Exercise instructions:
Every picture is to be removed, and all the data is to be copied exactly.

Supplied records section start

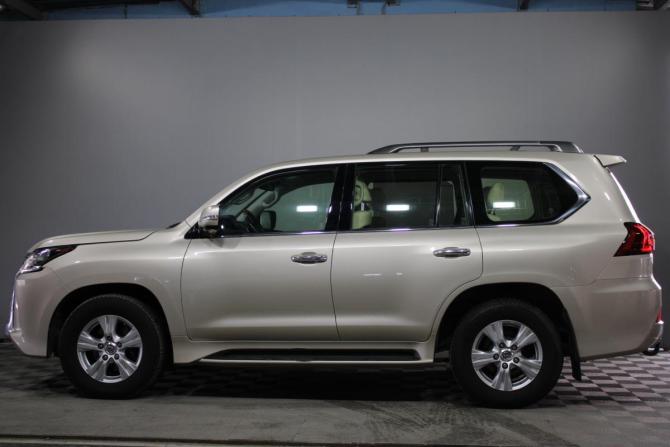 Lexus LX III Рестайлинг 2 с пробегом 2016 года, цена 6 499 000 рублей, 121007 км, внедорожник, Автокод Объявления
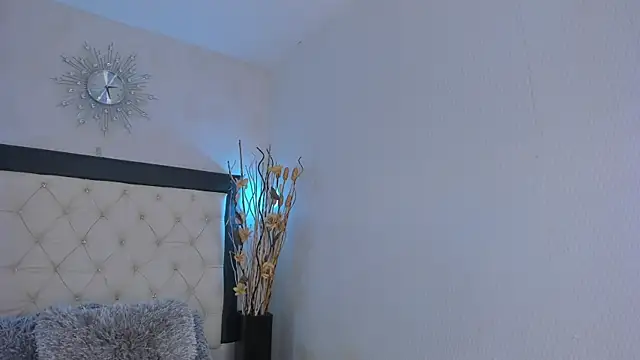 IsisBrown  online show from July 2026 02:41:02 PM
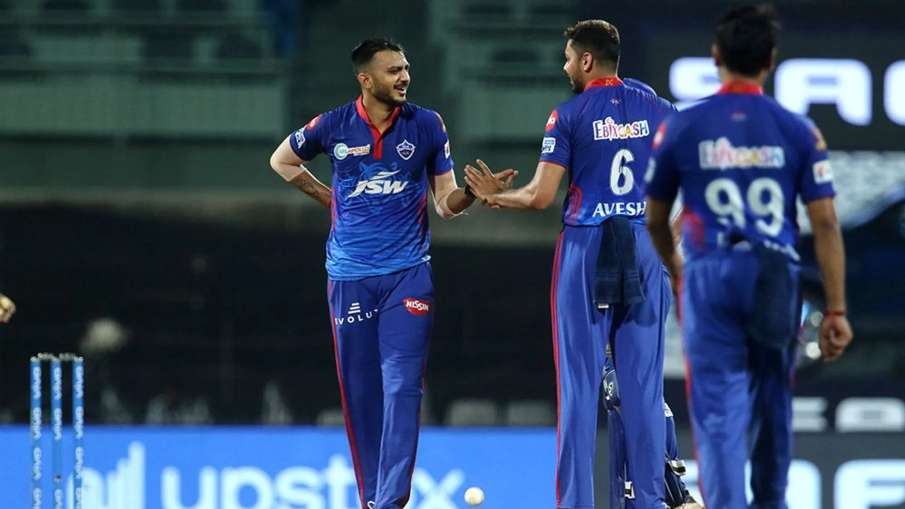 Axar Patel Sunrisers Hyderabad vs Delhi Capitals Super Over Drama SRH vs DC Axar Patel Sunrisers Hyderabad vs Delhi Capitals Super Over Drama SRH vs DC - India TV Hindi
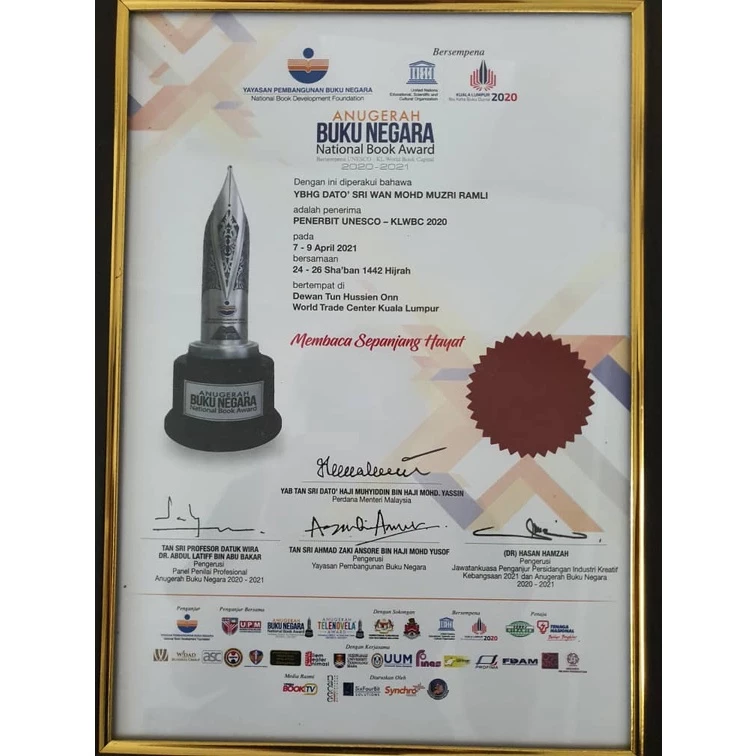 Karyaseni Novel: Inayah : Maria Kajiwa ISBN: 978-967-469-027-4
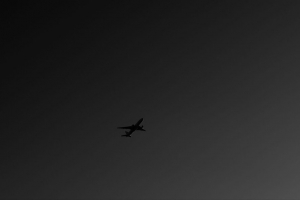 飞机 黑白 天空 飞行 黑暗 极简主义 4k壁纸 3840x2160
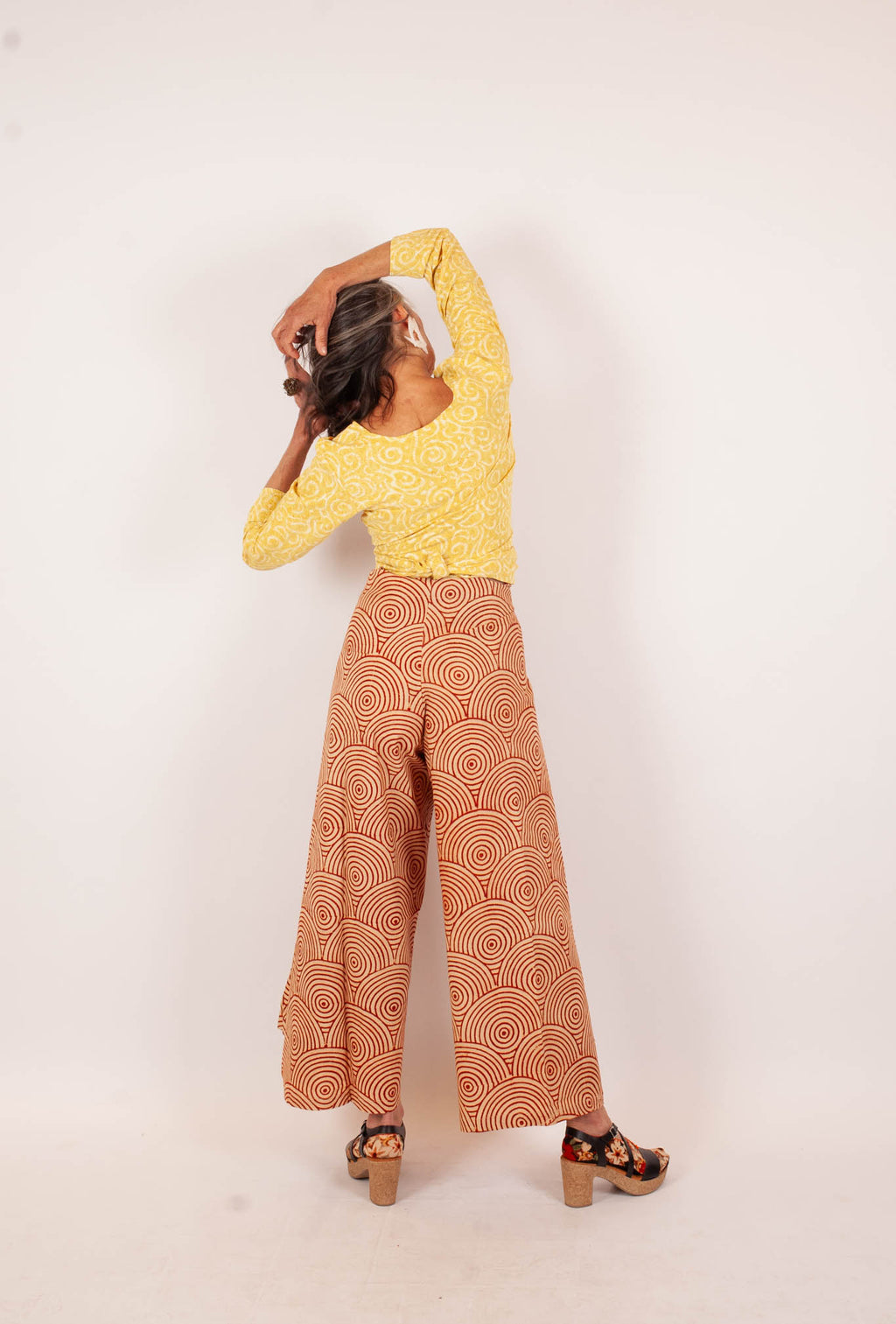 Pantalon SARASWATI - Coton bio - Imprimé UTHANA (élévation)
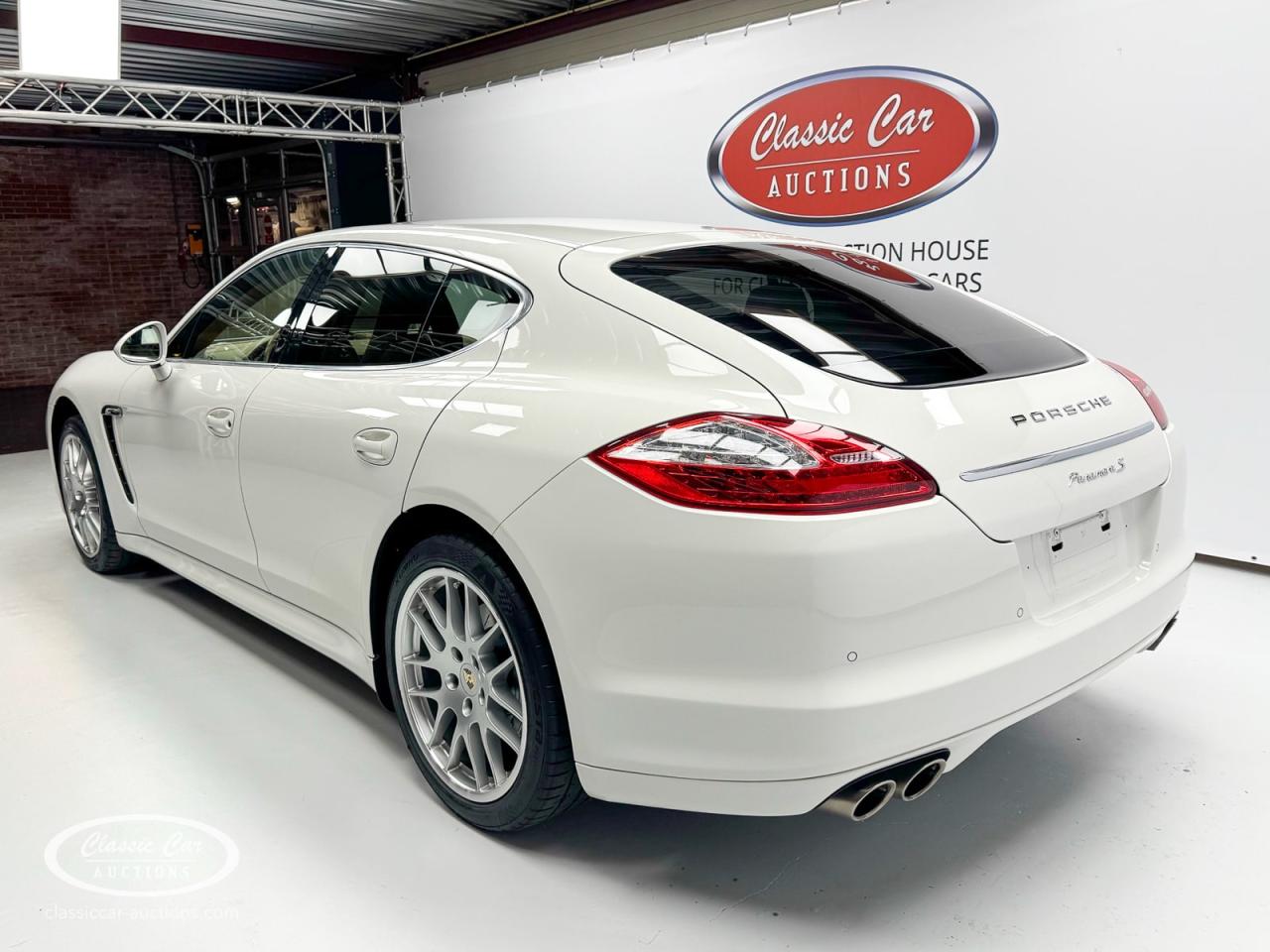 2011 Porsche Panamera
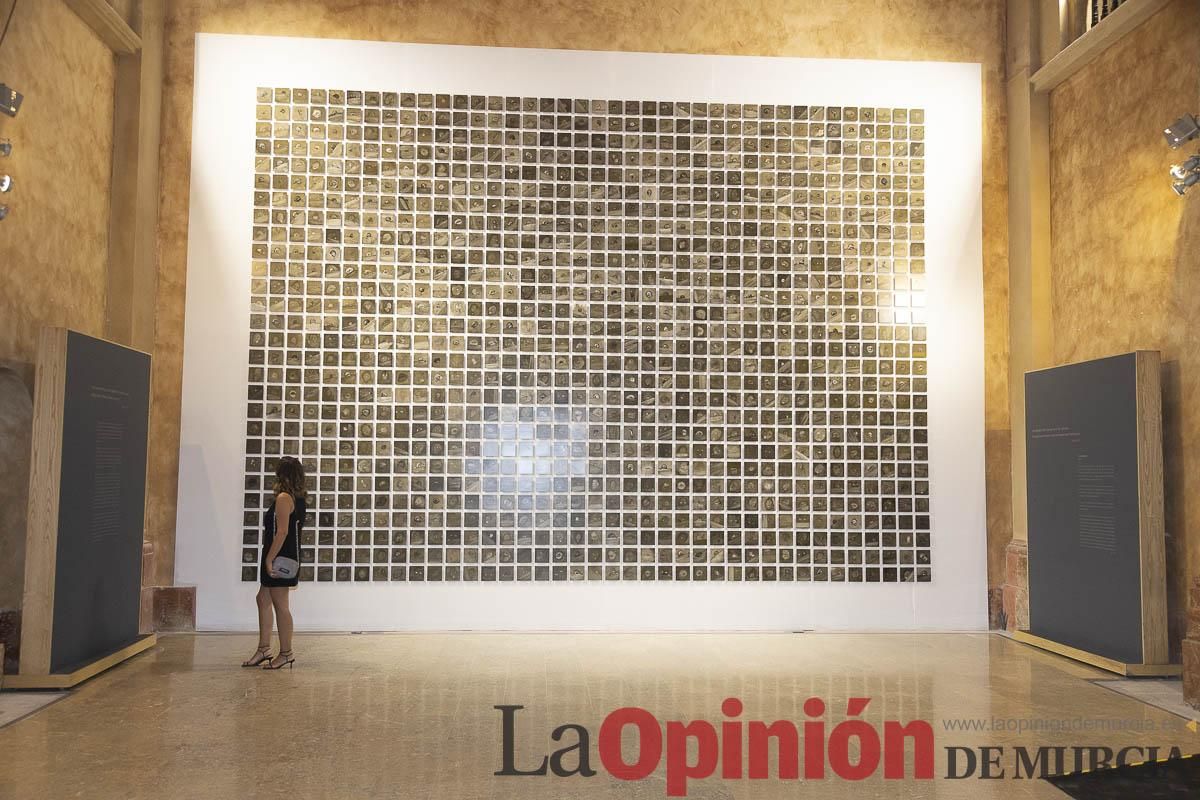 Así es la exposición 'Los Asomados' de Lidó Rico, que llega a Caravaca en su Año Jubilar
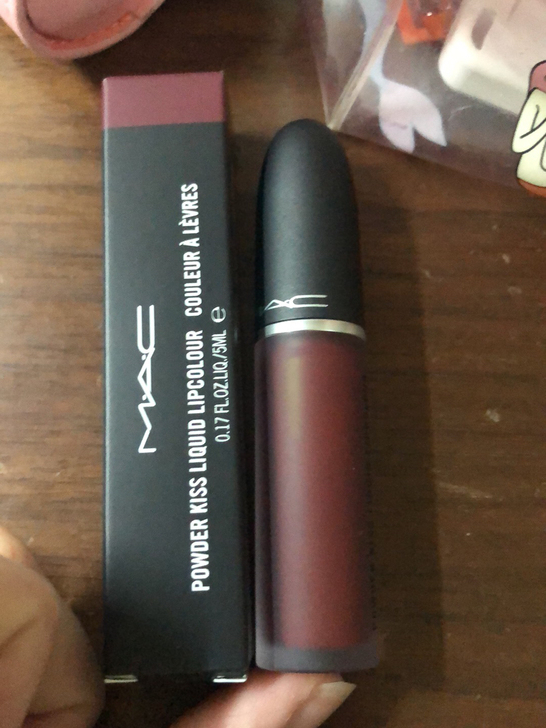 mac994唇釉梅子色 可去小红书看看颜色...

Supplied records section end

Exercise response:
 Lexus LX III Рестайлинг 2 с пробегом 2016 года, цена 6 499 000 рублей, 121007 км, внедорожник, Автокод Объявления
 IsisBrown  online show from July 2026 02:41:02 PM
 Axar Patel Sunrisers Hyderabad vs Delhi Capitals Super Over Drama SRH vs DC Axar Patel Sunrisers Hyderabad vs Delhi Capitals Super Over Drama SRH vs DC - India TV Hindi
 Karyaseni Novel: Inayah : Maria Kajiwa ISBN: 978-967-469-027-4
 飞机 黑白 天空 飞行 黑暗 极简主义 4k壁纸 3840x2160
 Pantalon SARASWATI - Coton bio - Imprimé UTHANA (élévation)
 2011 Porsche Panamera
 Así es la exposición 'Los Asomados' de Lidó Rico, que llega a Caravaca en su Año Jubilar
 mac994唇釉梅子色 可去小红书看看颜色...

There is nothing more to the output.